Look at the photo on the left, as nice as it looks and as realistic as it may appear,it
is way over size as far as grain goes. Just imagine that cockpit floor enlarged 32
times, the grain would be enormous. But, as far as a model goes, it doesn’t look
too bad, seems to fit with everything else and looks the part, it definitely looks
like apiece of wood. So what is the answer, over-
These are the two fuselage halves that have been prepared ready for the wood grain treatment. I sprayed the inside of the fuselage with the colour I will be using for the CDL (clear doped linen) and as the timber is a light colour this will act as a good base coat. The fuselage frame is a darker timber but this base coat will work fine.
I am using Raw Sienna to give me a light colour wood. Place a blob of the colour onto the surface and spread it around with a small stiff brush, you don’t have to be fancy doing this, it is only to get the paint into all the little nooks and crannies. The beauty of using oil paint is that if you don’t like what you have done you just simply wipe it off and start again, it will not harm the base coat.
Start by putting a blob of the colour you are using onto a piece of absorbent paper towel, this will draw the linseed oil from the paint which speeds the drying time dramatically. Leave the blob on the towel for 5 minutes before starting the wood grain. If it dries out too much simply dip your brush into some thinners and mix with the paint.

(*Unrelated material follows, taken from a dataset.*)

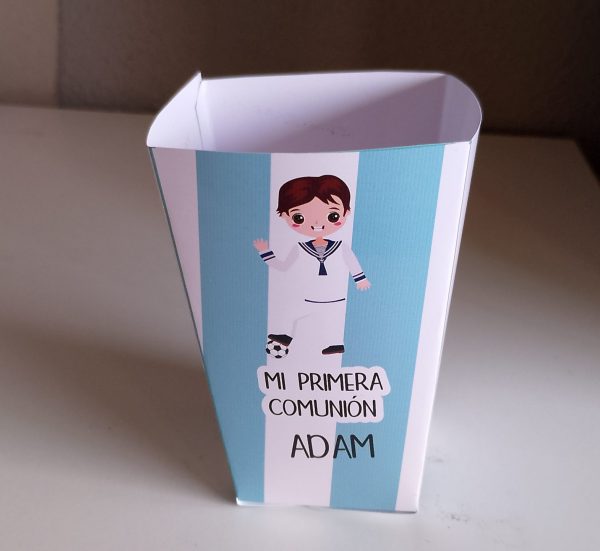 Palomitero de comunión personalizado de niño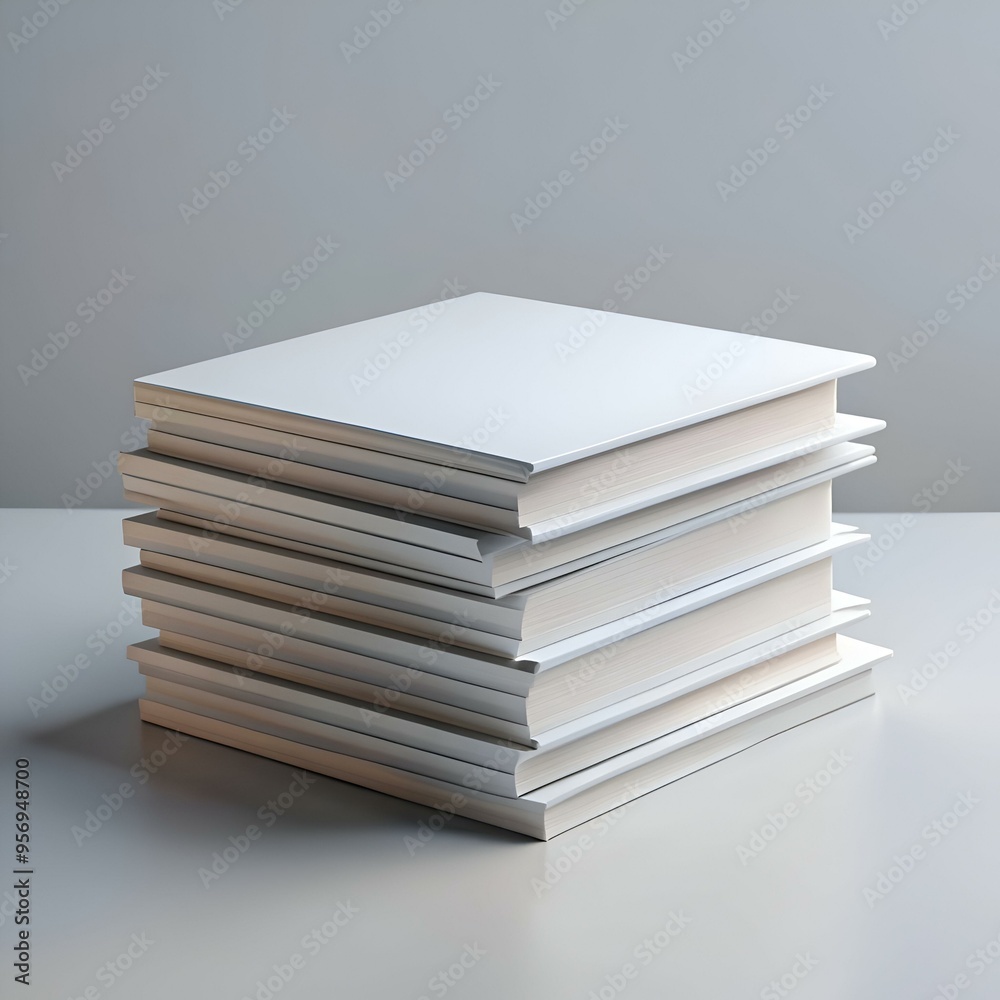 A neatly stacked pile of blank white books on a clean surface. A neatly stacked pile of blank white books on a clean surface.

With the small stiff bristle brush, drag it over the painted surface in the direction you want the grain to run applying a little pressure to allow the bristles to leave the desired pattern. Wipe the brush frequently onto the paper towel to remove excess paint build up. Continue going over the area until you have achieved the look you require.
Notice that the grain pattern is not straight, when dragging for the final time I always wiggle the brush slightly to give a subtle wobbly grain pattern. Once you have dragged all over the area to be wood grained the end result should look similar to this picture. This part will now have the darker wood colour added to the frame work. Very little of the section will be seen once the two fuselage halves are united so I will not add knots.
Smaller parts are wood grained using the same method as described above. Again, I needed a light wood colour so I used the raw sienna over the CDL. Grain direction will alternate on the small parts, check original photos of actual aircraft if available to see which way the grain ran.
Here are some small items which have all been painted using the same method. The darker timber features will be added next then it will be all put into my heat box and left over night to dry. Avoid touching the oil paint at this stage as it will smudge and ruin all the work you just accomplished. One night in the heat box is usually sufficient enough to allow for the next stage to continue.
This photo shows the darker wood colour applied. I used 50% raw sienna, 25% burn sienna and 25% burnt umber. Application was by the same method the only difference being the use of a smaller brush. Care must be taken not to get any of the darker colour on the light wood or the CDL finish. Once dry, I will apply two coats of Humbrol Matt Cote.